==== LISTED RECORDS

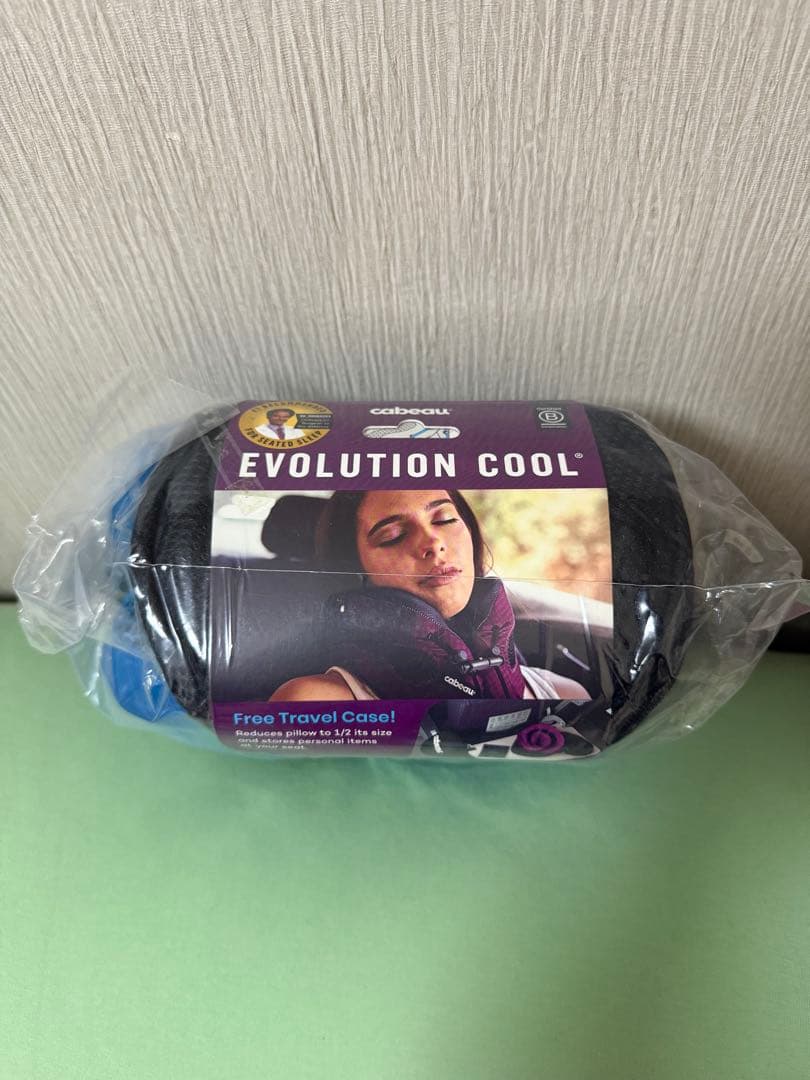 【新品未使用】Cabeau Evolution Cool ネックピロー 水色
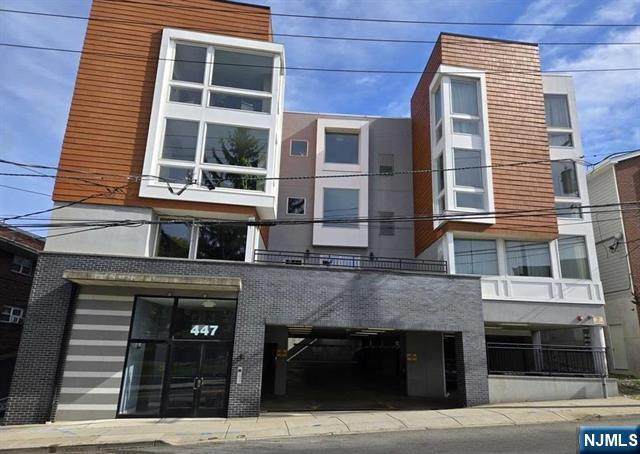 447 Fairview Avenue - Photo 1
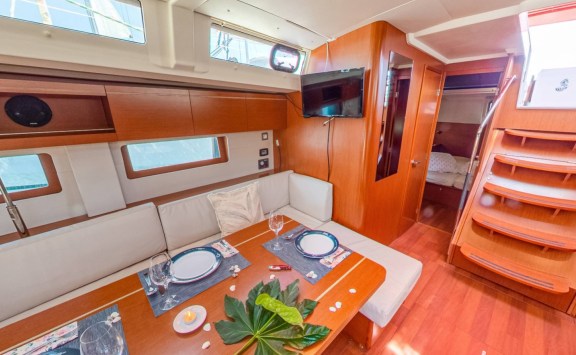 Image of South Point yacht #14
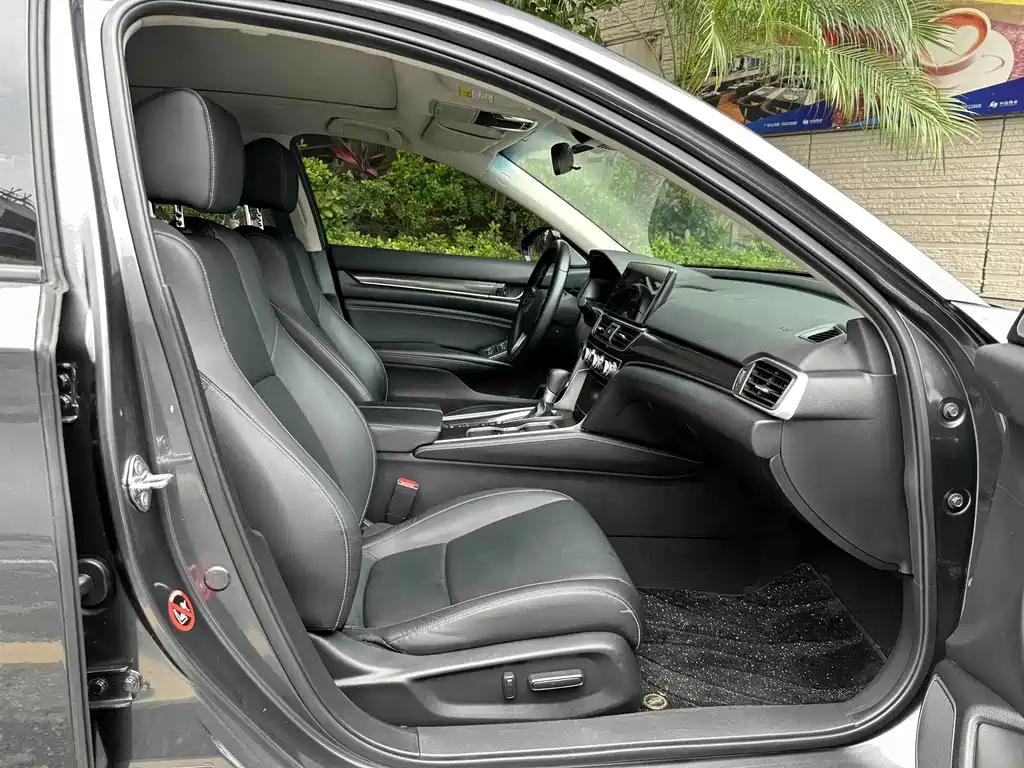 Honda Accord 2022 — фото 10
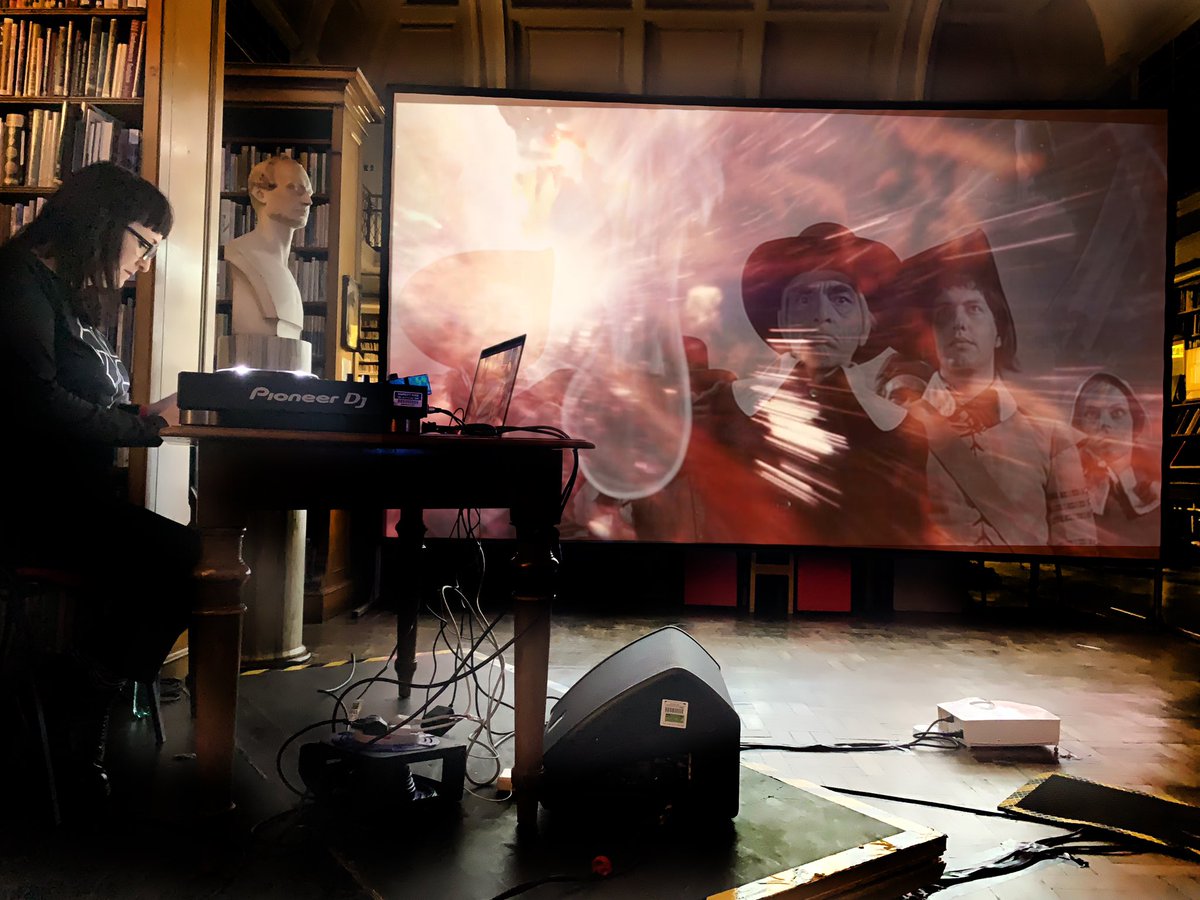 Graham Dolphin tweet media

========

ABOUT THIS EXERCISE: Print the records above exactly as they stand, but leave out the pictures.

SOLUTION TO THE EXERCISE:
 【新品未使用】Cabeau Evolution Cool ネックピロー 水色
 447 Fairview Avenue - Photo 1
 Image of South Point yacht #14
 Honda Accord 2022 — фото 10
 Graham Dolphin tweet media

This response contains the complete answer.